About this task >> Print out each entry below in full, exactly as given, excluding pictures.

[Crawled caption data]
+===+
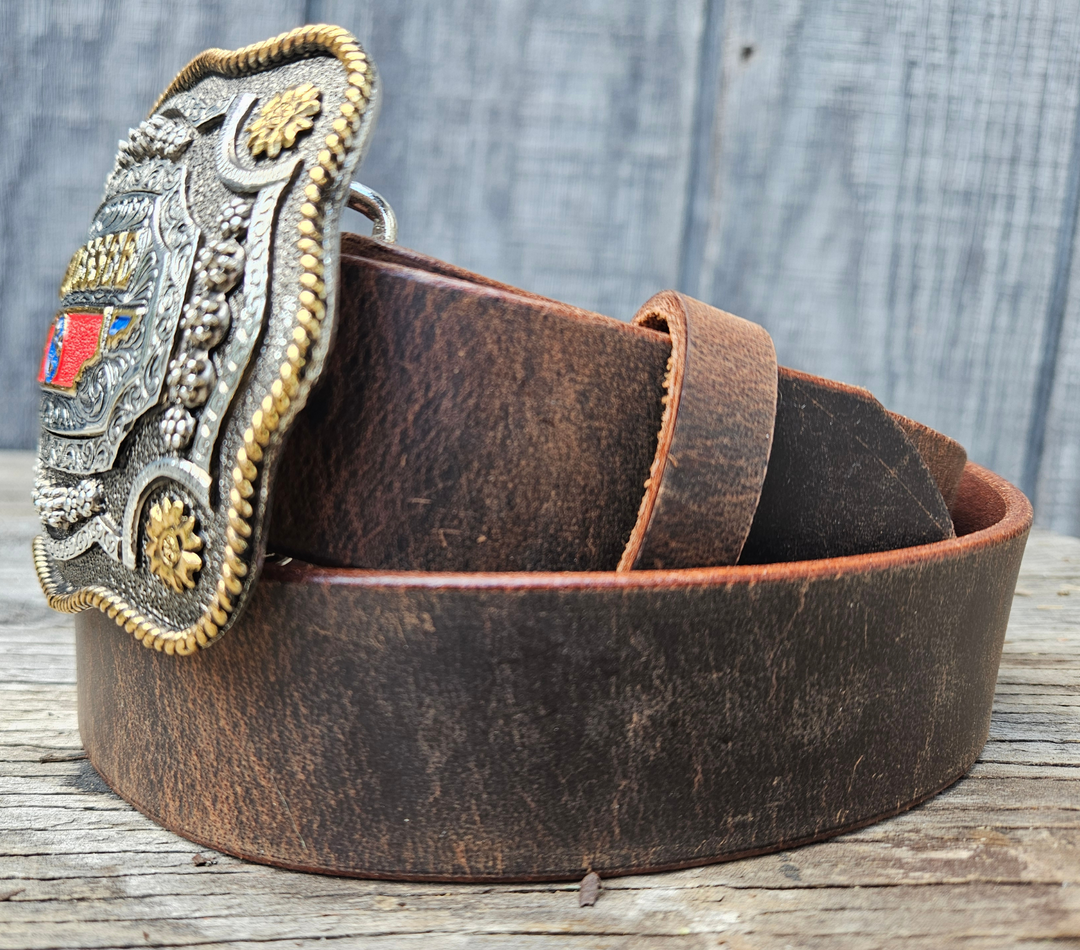 This Tennessee State Belt with Buckle Combo features a 1 1/2" strap. Choose color: Distressed Brown or Black. The edges are beveled and finished. Available lengths from 34" to 44". The buckle is an Antiqued brass colored Tennessee State Buckle snapped in place. Belt is handmade in our shop in Smyrna, TN, just outside of Nashville.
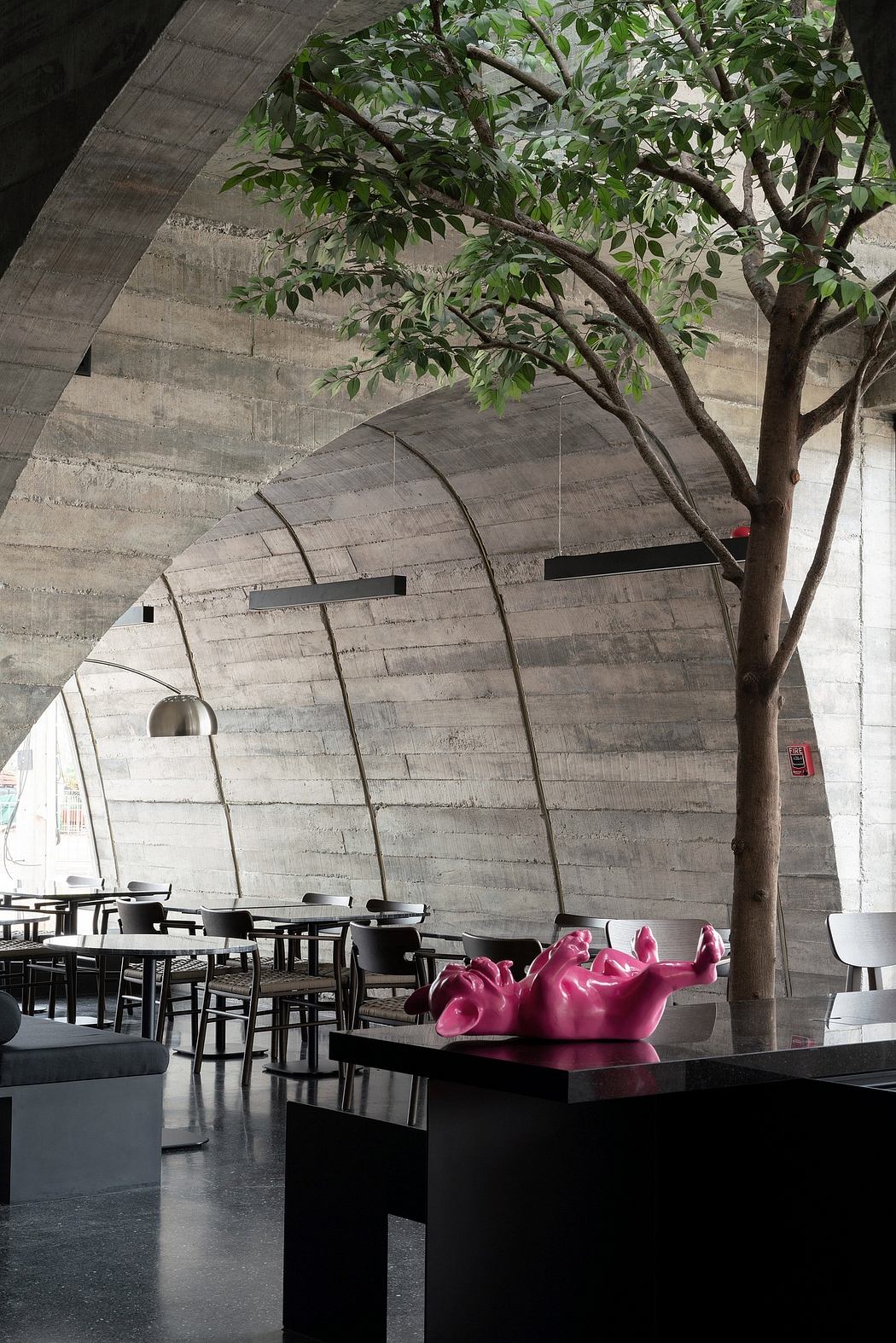 A modern concrete structure with lush greenery, designer furniture, and bold pink sculptures.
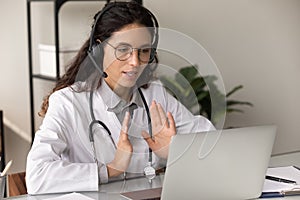 Confident female therapist in headphones consult patient by video call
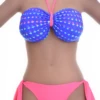 Confetti-dot bandeau bikini top worn as halter or strapless with a tie back for women.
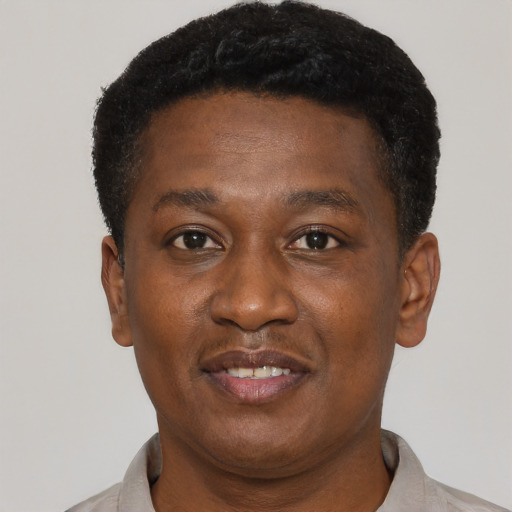 Joyful black young-adult male with short  black hair and brown eyes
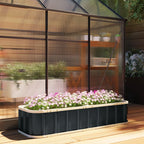 Dark grey raised garden bed with blooming flowers on an outdoor wooden deck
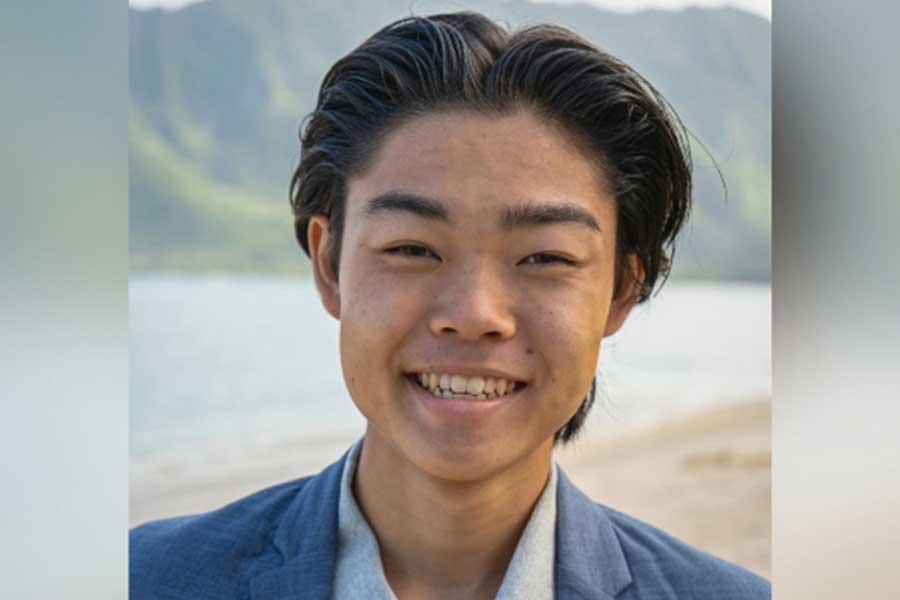 Closeup of a smiling teen.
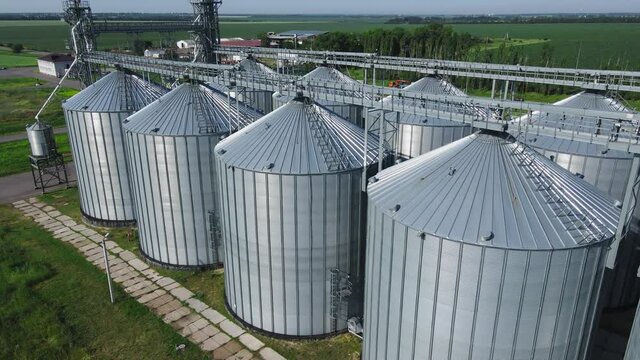 Aerial view of Plant for storage and processing of grain, silo system tanks, grain bin and elevator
+===+
Reply >>
 This Tennessee State Belt with Buckle Combo features a 1 1/2" strap. Choose color: Distressed Brown or Black. The edges are beveled and finished. Available lengths from 34" to 44". The buckle is an Antiqued brass colored Tennessee State Buckle snapped in place. Belt is handmade in our shop in Smyrna, TN, just outside of Nashville.
 A modern concrete structure with lush greenery, designer furniture, and bold pink sculptures.
 Confident female therapist in headphones consult patient by video call
 Confetti-dot bandeau bikini top worn as halter or strapless with a tie back for women.
 Joyful black young-adult male with short  black hair and brown eyes
 Dark grey raised garden bed with blooming flowers on an outdoor wooden deck
 Closeup of a smiling teen.
 Aerial view of Plant for storage and processing of grain, silo system tanks, grain bin and elevator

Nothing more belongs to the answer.